When you are transporting a turkey, the head 
and beard of the turkey must remain attached to 
the bird.

Utah Code § 23-20-30 and Utah Admin. Rule R657-6-16 and 
R657-54-12


You must tag the carcass of a sage-grouse, 
sandhill crane, sharp-tailed grouse or turkey before you 
leave the site of kill or move the carcass 
from the site of kill.To tag a carcass, completely detach the tag 
from the permit and completely remove the 
appropriate notches to correspond with the date 
the bird was taken. Then attach the tag to the 
carcass so that the tag remains securely fastened 
and visible.


----------



## Nokturnal_one (May 3, 2014)

Ya I've read that. But if I kill the bird, cut the breast off right there, then I don't need to tag it and I just leave the body there?


----------



## gdog (Sep 13, 2007)

Again.....

"When you are transporting a turkey, the head 
and beard of the turkey must remain attached to 
the bird."

Transporting....as in driving from camp to home. You can't cut the breasts off and then transport without the carcass, as stated you need head and beard attached to bird while transporting.


----------



## Nokturnal_one (May 3, 2014)

Sorry didn't mean to make you all butt hurt, I just needed some more clarification.


----------



## gdog (Sep 13, 2007)

I'm not butt hurt at all....was just answering your questions. Good luck with your hunt!


----------



## outdoorser (Jan 14, 2013)

Like gdog said, you gotta keep the head and beard attached to the bird while transporting. Good luck and let us know if you bag one!!

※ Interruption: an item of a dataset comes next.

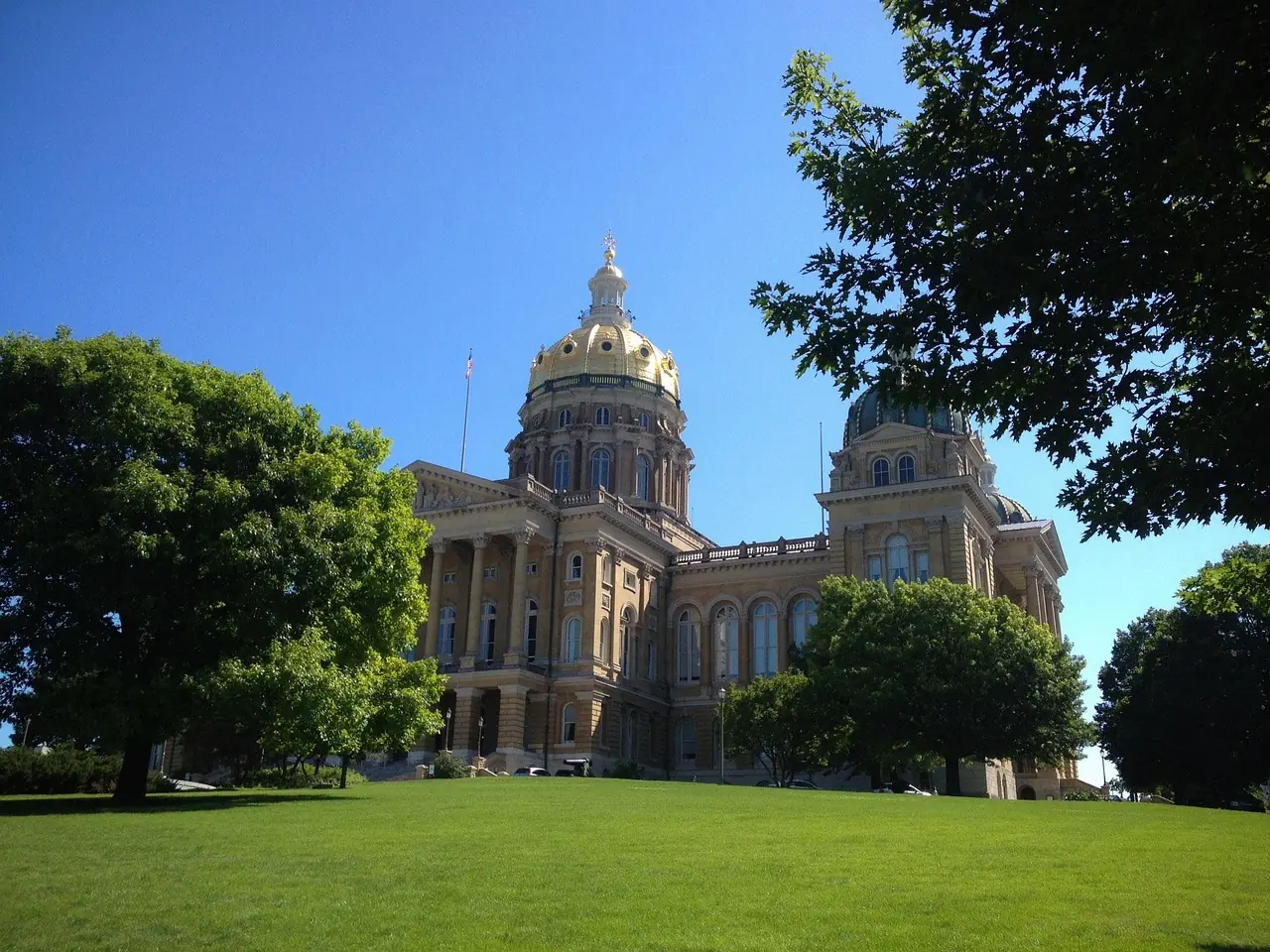The sun shines on the Iowa State Capitol building.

p.s. welcome to the forum and to hunting, I'm sure you'll find a lot of good info on this site.


----------



## Nokturnal_one (May 3, 2014)

I read that in the guidebook but it just seems dumb that I shoot the bird but continue camping and I have to have a carcass in a cooler till I get to my apartment


----------



## longbow (Mar 31, 2009)

Not dumb at all. Just put it in a plastic bag so it doesn't get all over the rest of your food and cut up the rest when you get home. 
Good idea breasting it at camp if you're not going to mount it. I'd love to try turkey breast over a fire or in a tinfoil dinner.
Post some pics if you get one and good luck!


----------



## PBH (Nov 7, 2007)

Nokturnal_one said:


> I read that in the guidebook but it just seems dumb that I shoot the bird but continue camping and I have to have a carcass in a cooler till I get to my apartment


It's not a lot different than deer or elk. Even with those animals, you are required to leave evidence of sex attached to the largest part. If you quarter an animal in the field, you still have to carry out the head with antlers, or in the case of a cow you would need to leave a portion of the bag attached to a hind quarter.

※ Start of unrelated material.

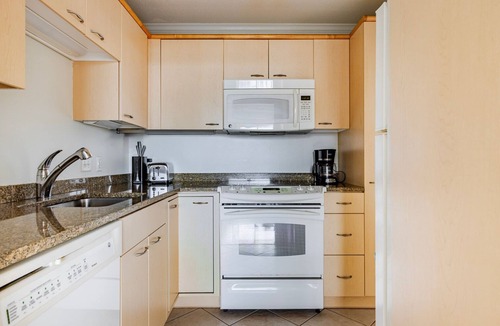 Fenway–Kenmore Apartment | Blueground | Fenway–Kenmore, fitness, nr Fenway Park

You can cut the breasts out if you like, but you still need to take evidence of sex (head / beard, attached to wing / carcass) to positively identify what you killed. If this wasn't in place, what would prevent someone from shooting hens and just breasting them in the field?


----------



## Critter (Mar 20, 2010)

PBH said:


> It's not a lot different than deer or elk. Even with those animals, you are required to leave evidence of sex attached to the largest part. If you quarter an animal in the field, you still have to carry out the head with antlers, or in the case of a cow you would need to leave a portion of the bag attached to a hind quarter.


Not to hijack the thread a little but a head is not proof of sex of a animal when it is quartered. It is proof whether it was a spike or branch antlered animal. In most states you need to pack out the sex organs attached to a piece of meat to verify sex.


----------



## BPturkeys (Sep 13, 2007)

PBH said:


> It's not a lot different than deer or elk. Even with those animals, you are required to leave evidence of sex attached to the largest part. If you quarter an animal in the field, you still have to carry out the head with antlers, or in the case of a cow you would need to leave a portion of the bag attached to a hind quarter.
> 
> You can cut the breasts out if you like, but you still need to take *evidence of sex* (head / beard, attached to wing / carcass) to positively identify what you killed. If this wasn't in place, what would prevent someone from shooting hens and just breasting them in the field?


With turkeys, sex is not the point...what the bird needs is a beard...or in the case of a hen only hunt, no beard. Both sexes can have beards in turkeys. I can't remember the exact percent of hens that have beards but its high enough that you see them quite often and many are harvested legally each year.


----------